White House musical chairs

The staff shuffle in the Obama Administration is an attempt to inject new blood after the shellacking Obama and the Dem

    As the new US Congress settles in at one end of Pennsylvania Avenue, new faces are also showing at the other end of Washington's most famous street, the White House.

    The staff shuffle in the Obama Administration is an attempt to inject new blood after the shellacking Obama and the Democrats took in last November’s Midterm Elections.  But Obama isn’t waiting to prepare for the next election.  Many of those leaving are heading back onto the campaign trail ahead of the 2012 Presidential contest.

    There will likely be at least six new people in key positions in the next few months.

    This week, President Barack Obama filled two positions vacated last year.  He announced William Daley will be his next Chief of Staff.  It’s a powerful job.  Daley will be the gatekeeper to the Oval Office responsible for implement the President's agenda.

    Daley was Commerce Secretary under President Bill Clinton and is the scion of one of Chicago’s most prominent political families.  His father and brother have served as mayor of Obama’s hometown. Daley is currently an executive at investment giant JP Morgan Chase with strong ties to the business community who is seen as a political moderate.  He’s expected to take over before the end of January.

    On Friday, Obama appointed another Clinton administration official to be his top economic adviser.  Gene Sperling has been made the Chairman of the Counsel of Economic Advisers.  With the economy in a shaky recovery but unemployment still high, Obama needs to reshape his economic message to sell to the American public.

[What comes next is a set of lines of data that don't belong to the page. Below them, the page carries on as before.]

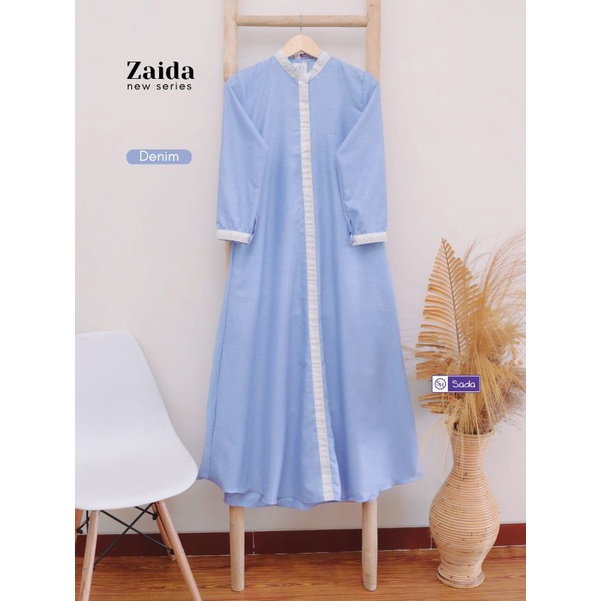 Ready Stock ✅ Dress Lebaran Gamis Katun Madina Syar'I Zaida Size S-Xxl Gamis Madinah Terkini / Gamis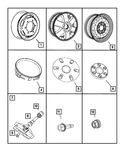 Genuine Mopar Wheel Lug Nut 68067857AA New. Price: $9.54.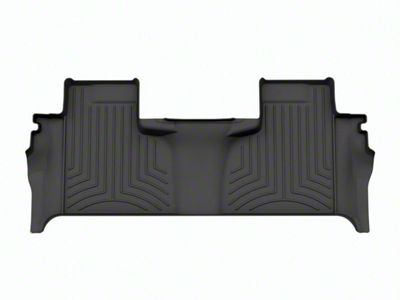 Weathertech Rear Floor Liner HP; Black (19-24 Silverado 1500 Double Cab w/ Front Bench Seat & Rear Underseat Storage)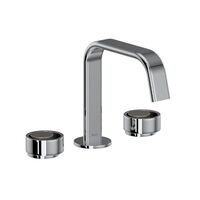  Eclissi 8'' Widespread Bathroom Faucet - Polished Chrome / Satin Nickel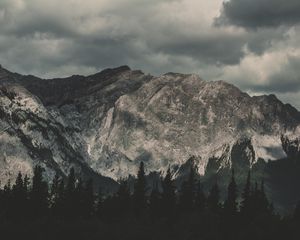 Preview wallpaper mountains, sky, view from above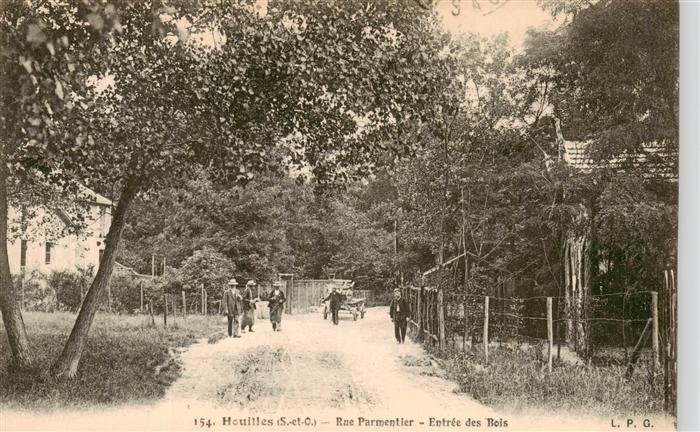 Houilles 78 Yvelines Rue Parmentier Entree des Bois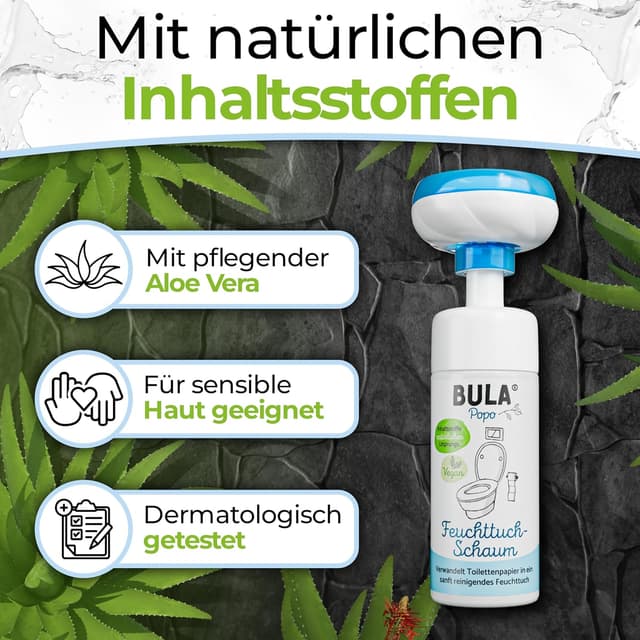 Detalle 1 de BULA Popo Home Bundle Feuchttuch-Schaum 150 ml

    Robert Gibbs, the face of the Obama administration also announced his resignation this week.  He says he'll step down early next month.  On the day of his announcement, Gibbs described what it’s like to work at the White House, “You have to admit there’s a bubble in here, to some degree.  So I think having new voices and having fresh voices, some of those voices that are coming back from having taken a couple of years off, are an important part of this process.” But he won't be going far.  Gibbs will remain a political consultant to Obama's 2012 reelection campaign.

    Senior White House Adviser David Axelrod is due to go back to Chicago in the next couple of months to prepare for next year's Presidential election.  Obama's 2008 Campaign Manager David Plouffe is expected to become the President’s top adviser.

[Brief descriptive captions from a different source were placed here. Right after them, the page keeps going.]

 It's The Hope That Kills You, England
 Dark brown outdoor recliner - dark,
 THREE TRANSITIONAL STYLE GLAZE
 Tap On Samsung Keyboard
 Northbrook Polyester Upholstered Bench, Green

    Deputy Chief of Staff Jim Messina is also expected to go to work on the reelection campaign.

    Next month, Obama is expected to retool the President's Economic Recovery Advisory Board, which focuses on America's global economic competitiveness.  The 83-year old Paul Volcker, the chairman, will likely step down next month.

    Defence Secretary Robert Gates has indicated he too will leave the administration this year.  Gates has had the job for nearly five years and was first appointed by President George Bush.  He has overseen the Wars in Iraq and Afghanistan.  In announcing his plans last August to Foreign Policy Magazine, Gates said, “By next year I'll be in a position where, you know, we're going to know whether the strategy is working in Afghanistan. We'll have completed the surge. We'll have done the assessment in December. And it seems like somewhere there in 2011 is a logical opportunity to hand off.”

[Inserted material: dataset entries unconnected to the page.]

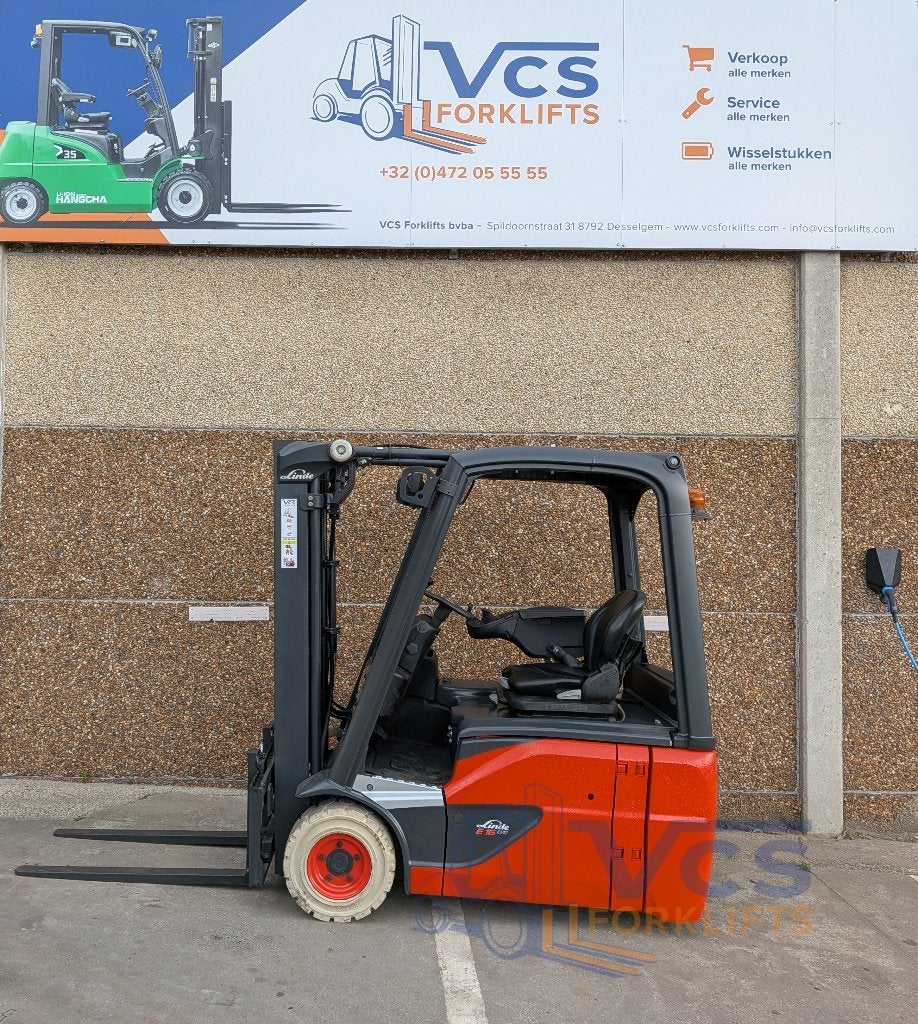 LINDE E16-02 Elektrisch Heftruck 1.6T triplex 4,65 2700uren, Ophalen, Linde, Heftruck, 1000 tot 2000 kg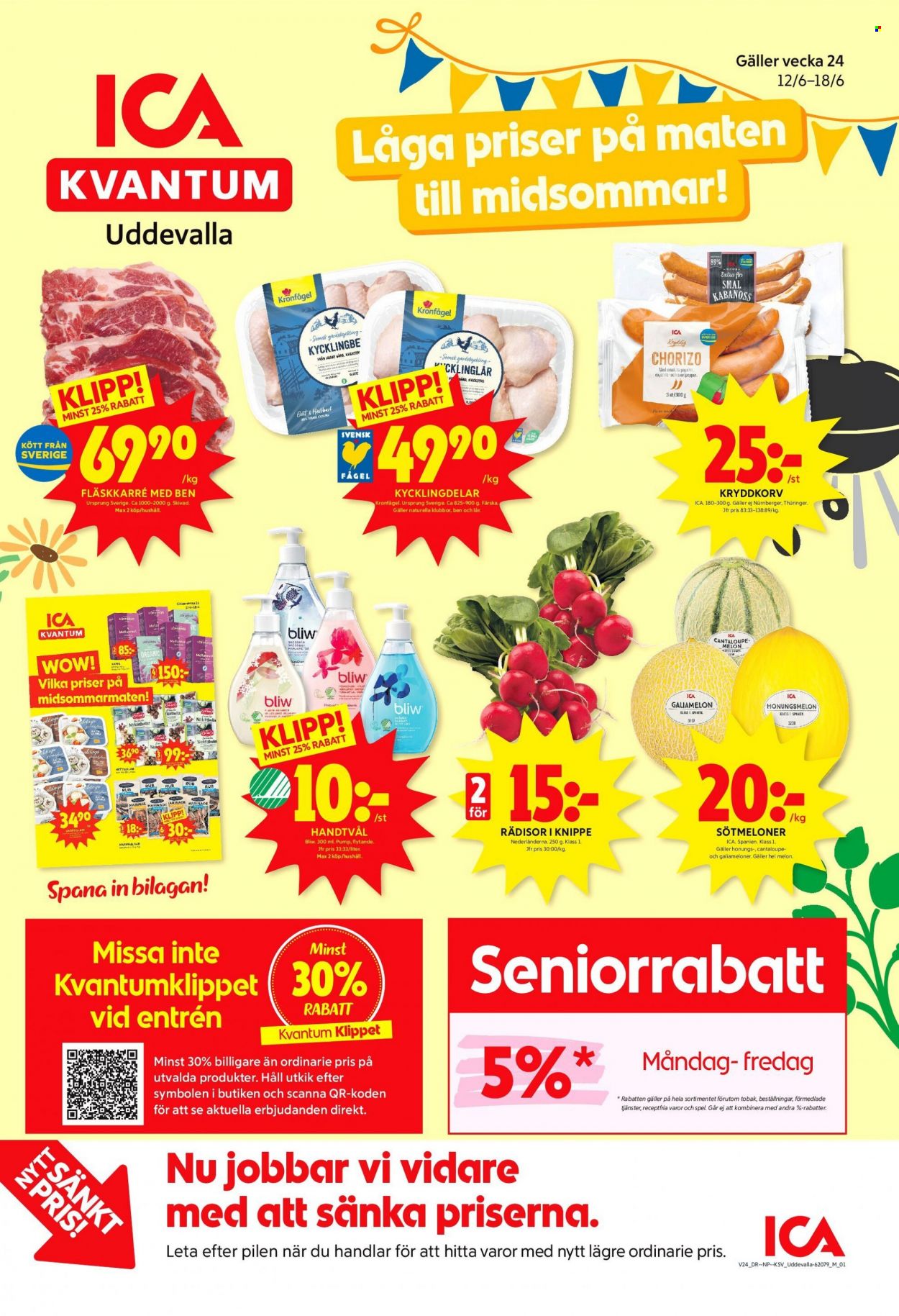 ICA reklamblad - 12/6 2023 - 18/6 2023. Sida 1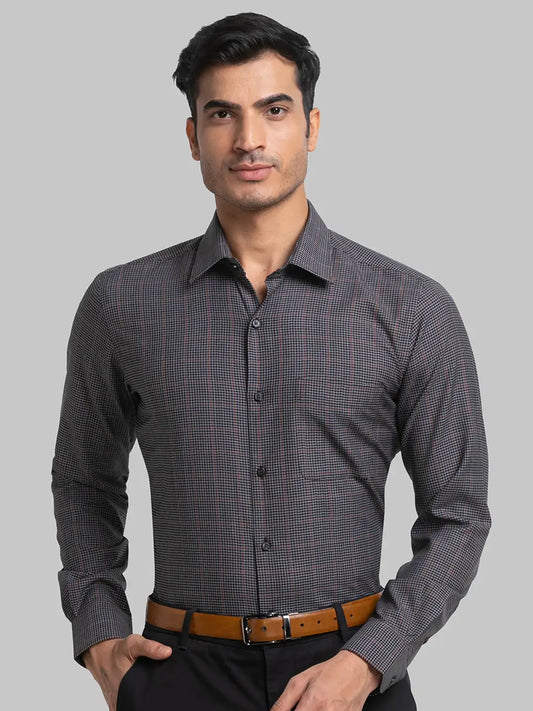 Men Regular Fit Light Grey Shirt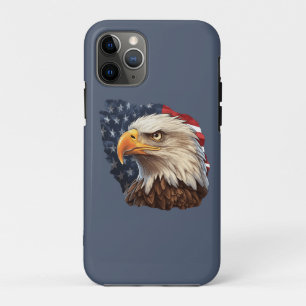 American Flag Bald Eagle Case-Mate iPhone Case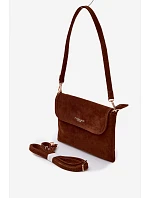 Malá Kabelka Z Eko Semiše Camel model 22111530 - Flora&Co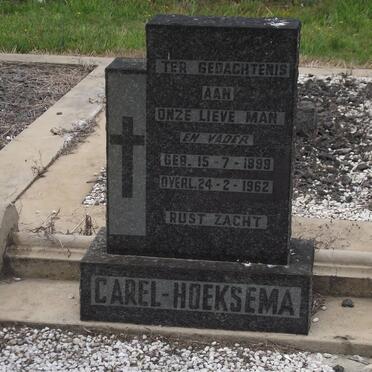HOEKSEMA Carel 1899-1962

    Many of the new faces of the second half of Obama’s tenure are familiar, from the 2008 campaign or Democratic politics.  And the influence of Chicago remains strong in his replacements. So Obama isn’t stepping far outside the bubble to replace those who are leaving.  The new blood seems recycled.

    And the old faces aren’t going far.  For many, they’ll have the same boss – Barack Obama – in their new job.  And they’ll spend their time trying to keep him in office for another term.